# R35 Insurance - Privilege



## rblvjenkins (Mar 8, 2008)

Just got what I think is a great quote of £368.55 for my R-35 Black Edition arriving in May. 

I'm 51 with 10+ years no claims bonus, no points in last 5 years and car will be garaged in Wales, so from an actuary's point of view I am about as low risk as they come

Excess is £500.

Also, with Privilege I get my full no claims bonus on the R35 AND my Subaru Legacy 3.0R SpecB Estate (my daily driver). To qualify for this multi-car no-claims bonus with Privilege, you have to be the only driver on both policies, and you have to be the registered owner of both cars.


----------



## batman r32 gtr (Nov 14, 2008)

wow thats a good quote bud,im with privalege im 24 on a group policy with a r32 gtr and pay £1300 +250 excess should hopefully go down next year when im 25 very good company,you dont have to be posh to be privaleged ha:thumbsup:


----------



## David.Yu (Jun 28, 2001)

That's strange, I just tried on the Privilege website and it says the value of the car has to be between 1 and 50,000?


----------



## Wildrover (Dec 16, 2008)

David.Yu said:


> That's strange, I just tried on the Privilege website and it says the value of the car has to be between 1 and 50,000?


Same - £1-50,000????


----------



## Wildrover (Dec 16, 2008)

I said the car was worth £50k, then you can proceed.

Came up with: £417.90 and asked which Tracker was fitted (I specified the Nissan version).
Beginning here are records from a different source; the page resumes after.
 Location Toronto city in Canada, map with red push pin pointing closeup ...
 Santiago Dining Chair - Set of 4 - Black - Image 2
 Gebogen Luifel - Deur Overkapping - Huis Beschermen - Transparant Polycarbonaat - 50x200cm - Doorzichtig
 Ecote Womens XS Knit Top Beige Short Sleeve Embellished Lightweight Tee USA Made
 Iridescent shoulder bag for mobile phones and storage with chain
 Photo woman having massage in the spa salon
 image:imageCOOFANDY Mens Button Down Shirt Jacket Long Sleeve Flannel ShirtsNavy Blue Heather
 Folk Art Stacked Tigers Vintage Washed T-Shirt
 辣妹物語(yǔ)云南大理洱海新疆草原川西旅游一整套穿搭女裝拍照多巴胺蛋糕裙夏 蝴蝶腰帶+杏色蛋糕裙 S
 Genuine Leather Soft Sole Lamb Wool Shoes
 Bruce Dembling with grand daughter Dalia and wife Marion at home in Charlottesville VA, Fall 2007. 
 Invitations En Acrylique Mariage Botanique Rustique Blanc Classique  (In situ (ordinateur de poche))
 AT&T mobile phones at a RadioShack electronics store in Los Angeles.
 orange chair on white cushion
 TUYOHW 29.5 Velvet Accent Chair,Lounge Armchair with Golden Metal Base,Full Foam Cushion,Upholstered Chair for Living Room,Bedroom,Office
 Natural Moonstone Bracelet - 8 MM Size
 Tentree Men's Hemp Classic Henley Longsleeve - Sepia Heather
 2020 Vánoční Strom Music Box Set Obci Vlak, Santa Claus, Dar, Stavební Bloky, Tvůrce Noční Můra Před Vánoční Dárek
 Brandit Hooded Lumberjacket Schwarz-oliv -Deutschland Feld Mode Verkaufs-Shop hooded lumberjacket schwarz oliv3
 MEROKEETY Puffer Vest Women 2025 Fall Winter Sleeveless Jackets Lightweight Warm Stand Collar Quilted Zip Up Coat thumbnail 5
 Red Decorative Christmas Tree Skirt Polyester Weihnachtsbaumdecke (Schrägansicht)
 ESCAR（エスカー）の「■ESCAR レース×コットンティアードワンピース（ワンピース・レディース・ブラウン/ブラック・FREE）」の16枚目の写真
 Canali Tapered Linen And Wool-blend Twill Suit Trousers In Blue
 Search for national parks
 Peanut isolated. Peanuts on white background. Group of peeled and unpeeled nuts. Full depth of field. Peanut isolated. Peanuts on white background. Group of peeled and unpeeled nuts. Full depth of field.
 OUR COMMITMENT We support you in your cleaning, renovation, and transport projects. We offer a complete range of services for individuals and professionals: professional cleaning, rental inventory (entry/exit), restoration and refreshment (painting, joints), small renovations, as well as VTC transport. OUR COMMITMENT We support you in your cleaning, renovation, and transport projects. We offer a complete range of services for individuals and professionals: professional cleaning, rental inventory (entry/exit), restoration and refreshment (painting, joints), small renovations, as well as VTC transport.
So not bad.

Oh and that's with the wife driving too.


----------



## David.Yu (Jun 28, 2001)

But doesn't that mean you would only get £50k back in a total loss scenario?

Admiral quoted me £593 with no need for a Tracker, so it's looking like there's no need for one.


----------



## Bodi (Dec 23, 2007)

David.Yu said:


> But doesn't that mean you would only get £50k back in a total loss scenario?
> 
> Admiral quoted me £593 with no need for a Tracker, so it's looking like there's no need for one.


It does if the car is less than 12 months old after that it changes dramatically


----------